Dataset excerpt →
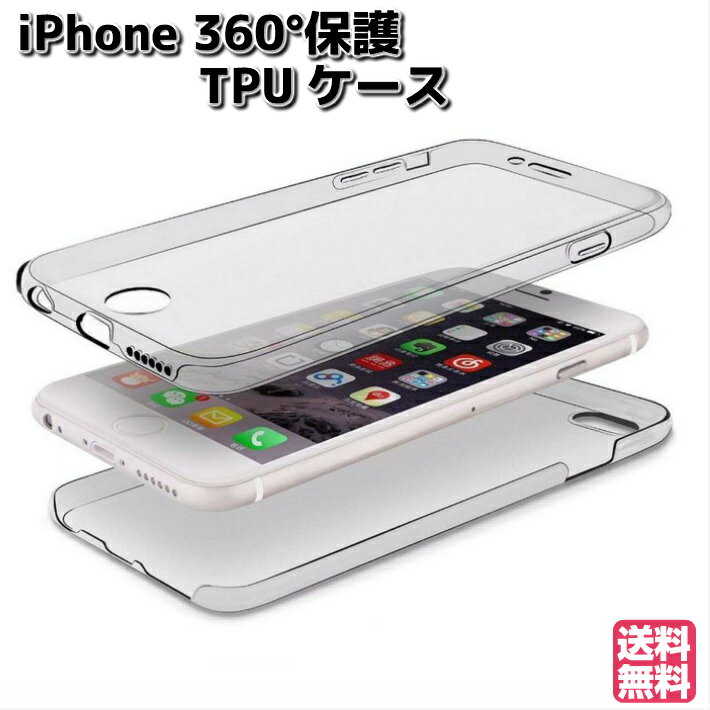 360° フルカバー 保護ケース 全面保護 iPhone11 Pro Max X XR XS 8 7 6s SE 5s 5 TPU ケース クリア カバーケース クリアケース スーパークリア アイフォンケース おしゃれ おすすめ 人気 MAX XR ポイント消化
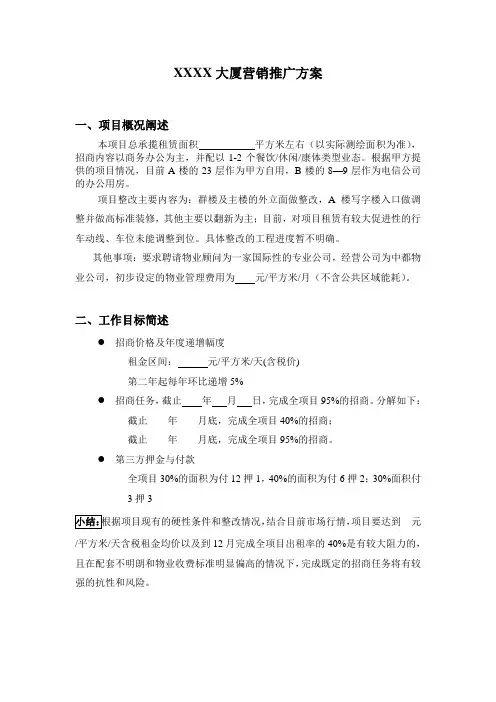 写字楼招租大厦营销推广方案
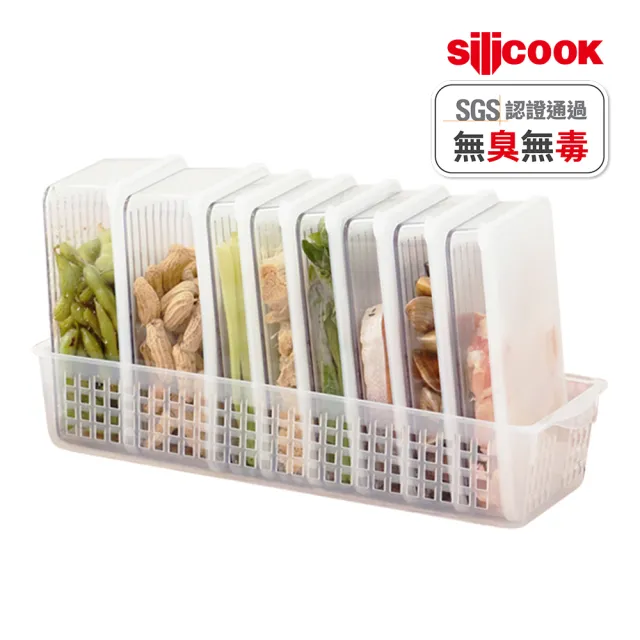 【Silicook】組合A 萬用食材9件組 600ml&1200ml 附收納中底座  保鮮盒 冰箱整理盒 密封保鮮盒 廚房收納盒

Directions for this task →
Every line from the one containing "写字楼招租大厦营销推广方案" through the last line of the data, both included, is to be repeated exactly; the pictures are to be left out.

Answer section →
 写字楼招租大厦营销推广方案
 【Silicook】組合A 萬用食材9件組 600ml&1200ml 附收納中底座  保鮮盒 冰箱整理盒 密封保鮮盒 廚房收納盒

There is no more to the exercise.